Les chiens grognent, râlent, nous passent dans les jambes, nous
bousculent… Anne Gaëlle est effrayée, je la rassure et lui
préconise de les ignorer. Il ne nous attaqueront pas si nos ne
faisons pas attention à eux. Je m’arme d’une pierre au cas où…
Anne Gaëlle ne se détend pas, j’essaie de la rassurer. Nous
faisons tellement attention à eux, que nous manquons le raccourci…
Tant pis. Au bout de deux heures, nos croisons deux français, nous
leur passons le relais, nous nous arrêtons, les chiens leur
emboîtent le pas… sauf un… mais peu importe il semble nous
apprécier, il nous accompagnera. Nous traversons d’immenses
forêts d’eucalyptus, encore un de ces fabuleux villages en terre,
dans lesquels seule l’église est entretenue, toujours les mêmes
sourires…
Au
milieu d’un champ, des hommes s’évertuent à labourer un champ
avec deux bœufs et une herse… Nous ressentons désormais la
fatigue, quatre heures que nous marchons sans avoir mangé, et
toujours pas de Copacabana. Nous faisons une petite pause, notre
compagnon de route nous attend 100 mètres plus loin. Nous repartons,
déjà, le Cerro Calveiro qui domine Copacabana nous apparaît. Un
col et la baie. Une heure de marche encore… Il est 14h30
lorsque nous arrivons à Copacabana, écrasés de fatigue. Un coca,
une douche…froide et une sieste réparatrice. Le poids du sac m’a
provoqué des douleurs dans le dos, je savoure mes moments allongés.
21/07/2005
Lever
tardif , nous prenons le bus pour La Paz à 13h30. Nous occupons la
matinée comme nous pouvons, 13h30 nous partons puis arrivons une
heure plus tard à San Pablo de Tiquina pour prendre le bac. Le lac
est déchaîné, les vagues s’agitent, le vent déracine et le
froid nous mord le visage. Nous embarquons, le bateau tangue, penche,
les vagues passent par dessus bord, vingt minutes à lutter, et enfin
la terre ferme. Nous prions pour que le bus ne disparaisse pas au
fond du lac, et nos affaires avec. Nous reprenons la
route, route qui devient piste, il est très difficile de croiser
d’autres véhicules sur cette chaussée très, trop étroite. Tout
se passe bien jusqu'à ce que une voiture vienne frotter
littéralement contre la carrosserie du bus. La voiture n’a plus
d’aile gauche, le chauffeur se retourne et poursuit comme si rien
n’était.
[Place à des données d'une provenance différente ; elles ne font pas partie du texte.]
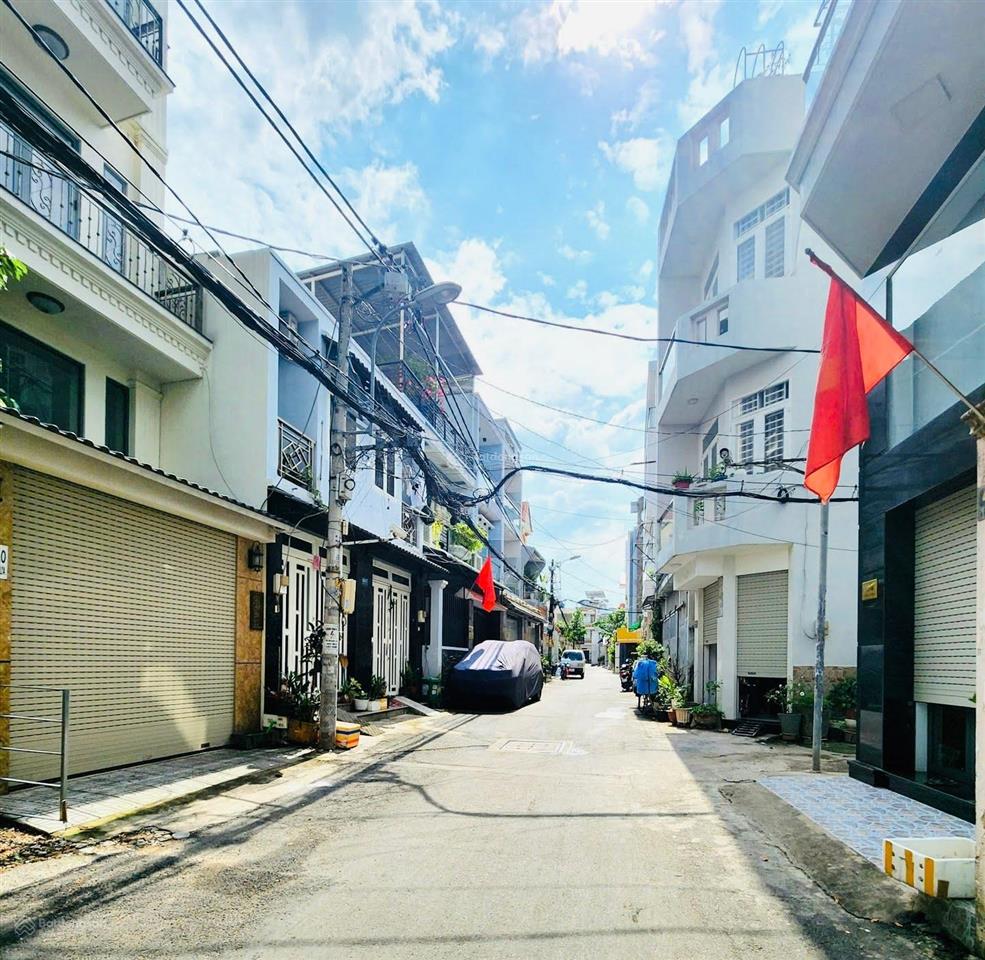 Bán nhà gò vấp, hẻm xe hơi lê văn thọ, gần chợ hạnh thông tây, 60m2, sổ vuông đẹp, 7.4 tỷ tl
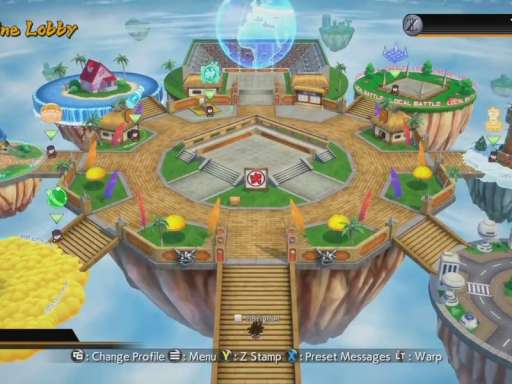 Fighterz Lobby REVAMPED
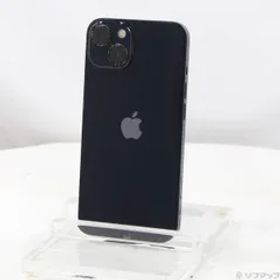 ソフマップ 〔中古品〕 iPhone13 128GB ミッドナイト MLNC3J／A SIMフリー【262】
Les vues sur l’Illampu sont magiques, il semble veiller
sur les maisonnettes en adobe et leurs petites bergères colorées.
Une
heure de route puis La Paz. Le chauffeur de bus ne veut pas nous
déposer à l’hôtel comme convenu, taxi puis à pied et enfin une
douche chaude !
22/07/2005
Lever
07h00, nous faisons nos sacs, un taxi vient nous chercher à 09h15
pour le terminal de bus. Nous y arrivons et repérons le quai pour
Oruro, tout en restant sur nos gardes, paraît-il que les vols sont
fréquents. Nous repérons deux français que nous avions croisé
auparavant, brefs échanges. Trois heures trente plus tard, nous
sommes à Oruro, ville délabrée et austère, ville minière au
milieu du désert et de la poussière. Nous avons deux heures à
tuer avant le départ du train, nous allons boire un thé avec Jean
Luc et Marie, les français rencontrés précédemment. Ils
traversent également le sud de la Bolivie pour rejoindre San Pedro
De Atacama au Chili. Ils nous apprennent que Varig, notre compagnie
aérienne a déposé le bilan… Comment allons nous rentrer ? Nous
attendrons d’être à La Paz pour nous en occuper… Ils nous
expliquent aussi pourquoi nous avons emprunté une piste pour aller
au Lac Titicaca ; un chef indien local a instauré des barrages en
guise de protestation. Nous nous rendons à la gare, entrons dans le
wagon. Nous devions être en première classe ( équivalent deuxième
classe SNCF ), finalement nous sommes en seconde, dans un confort
tout à fait correct. Il est même plaisant d’être séparés des
touristes. Le train part avec cinq minutes d’avances, traverse un
lac, les flamands roses s’envolent à notre passage, puis le train
progresse dans de longues étendues désertiques, nous offrant par la
même occasion, un coucher de soleil mémorable. Il reste encore
trois heures de voyage. Je négocie avec le contrôleur, je lui offre
une clope, et j’ai le droit de fumer dans le train… Arrivée
glacée à Uyuni ( 0 °c ), où nous récupérons les bagages, puis
nous nous rendons à l’hôtel Magia, l’un des meilleurs d’Uyuni.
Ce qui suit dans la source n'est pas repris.